= Elizabeth B. Dussan V. =

American mathematician

Elizabeth B. Stein Dussan V, who was born in 1946, is an American applied mathematician, condensed matter physicist, and chemical engineer. Her research involves fluid dynamics, and she is known for her work on wetting, porous media, and fluid-fluid interfaces.

==Education and career==
Dussan completed her undergraduate degree in applied mathematics from Stony Brook University in 1967. Furthermore, she completed her Ph.D. from Johns Hopkins University in 1972. Her dissertation, On the Motion of a Line Common to Three Different Materials, was supervised by applied mathematician Stephen H. Davis., and was a part of her work while studying for her Ph.D.

She is retired as a Scientific Advisor for the Schlumberger-Doll Research Center, as well as having taught chemical engineering at the University of Pennsylvania.

==Recognition==
Dussan became a Guggenheim Fellow in 1984, honoring her for the work and research in "spreading of liquids on solid surfaces".
Following this achievement, she then became a Fellow of the American Physical Society in 1985 "for her deep insights into the mechanisms and the realistic modeling of phenomena involving fluid-fluid interfaces, particularly in situations in which moving contact lines and mutual fluid displacement occur".

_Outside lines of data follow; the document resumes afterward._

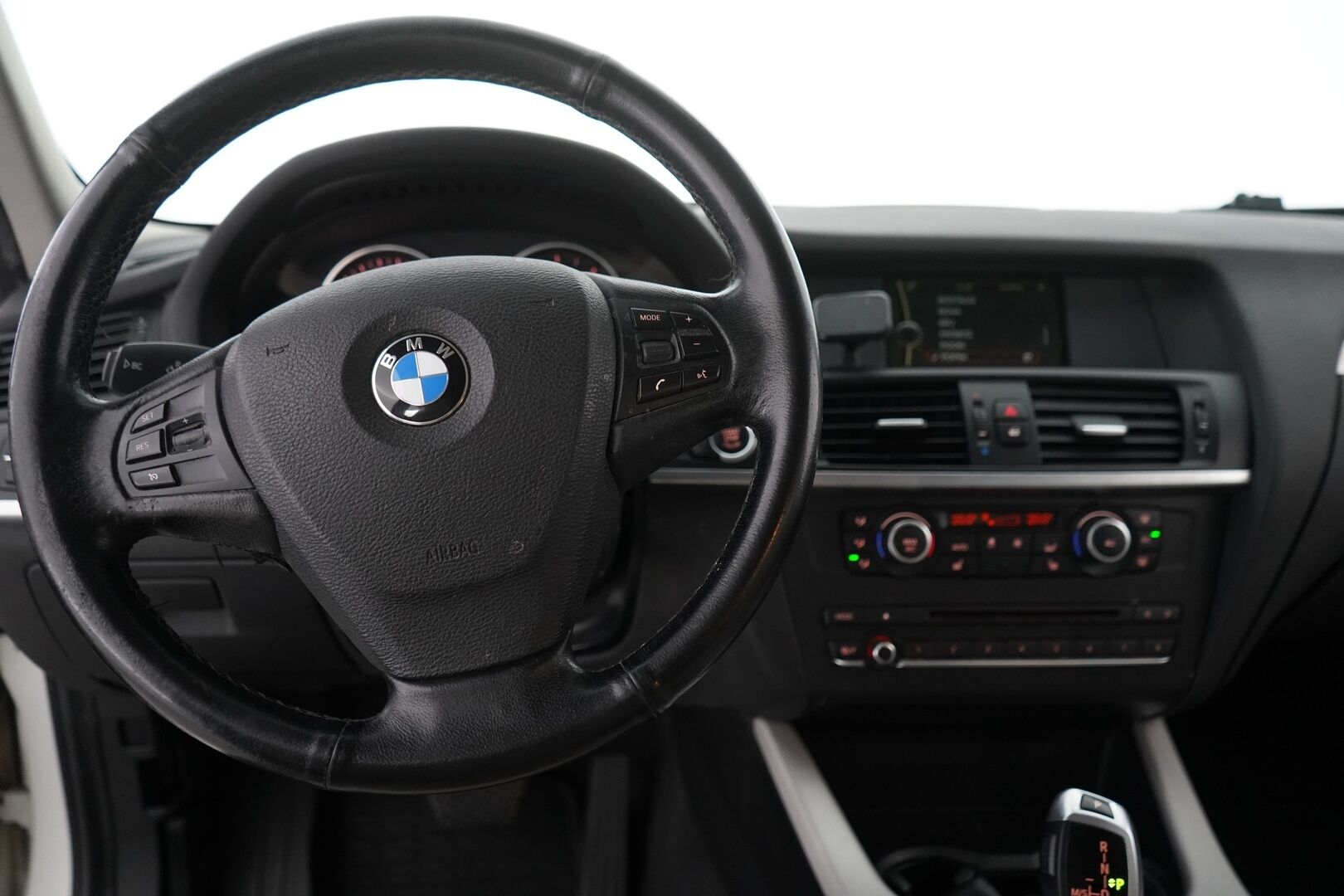 BMW X3 2013 MYYDÄÄN HUUTOKAUPAT.COM SIVUSTOLLA - MYYDÄÄN HUUTOKAUPAT.COM SIVUSTOLLA
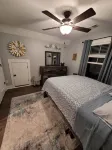 Bring your horses!1 Bdrm Apt, sleeps four in a quiet country setting.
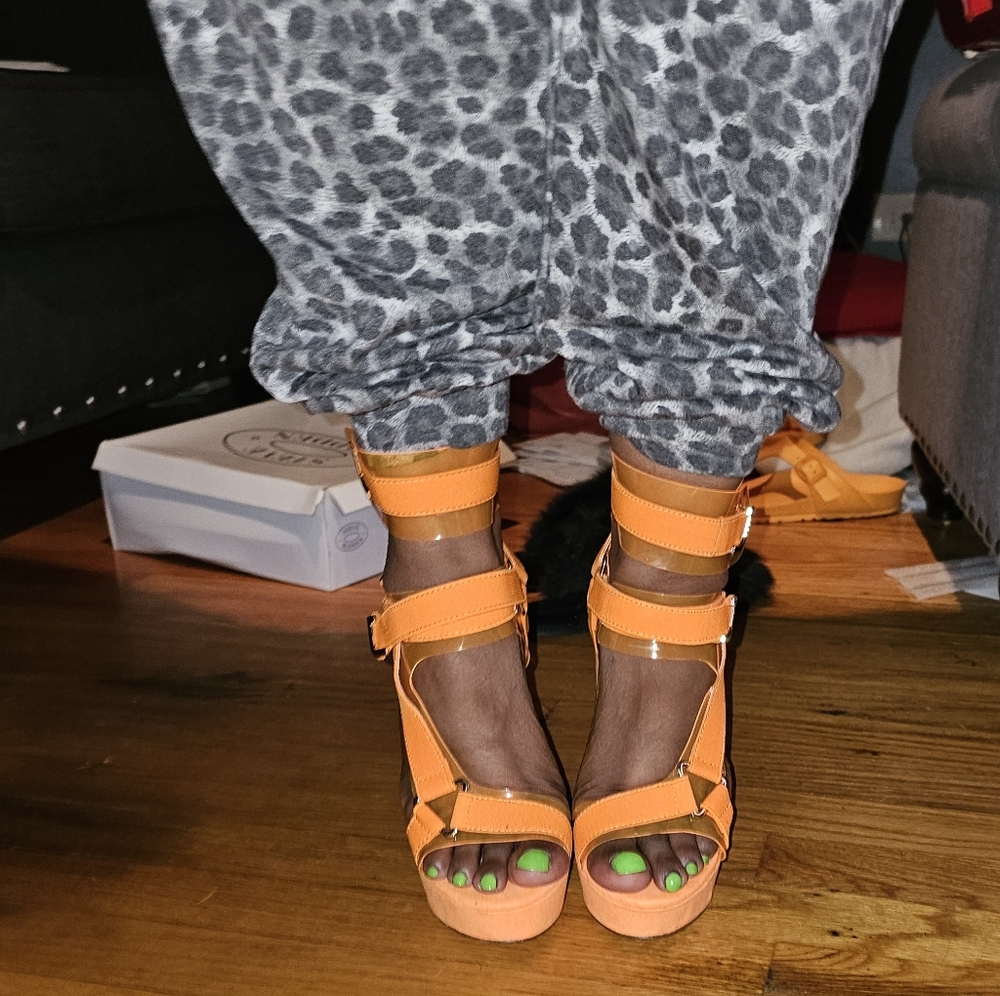 Akira Neon Orange Heel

She was elected to the National Academy of Engineering in 2004 "for innovative contributions to the wetting of solids and complex flows in porous media".
In 2009, she became one of the inaugural Fellows of the Society for Industrial and Applied Mathematics for her actions and contributions in wetting and flow in porous media.

In 1985, Stony Brook University awarded her their Distinguished Alumni Award as a result of her work as a Guggenheim Fellow of the American Physical Society.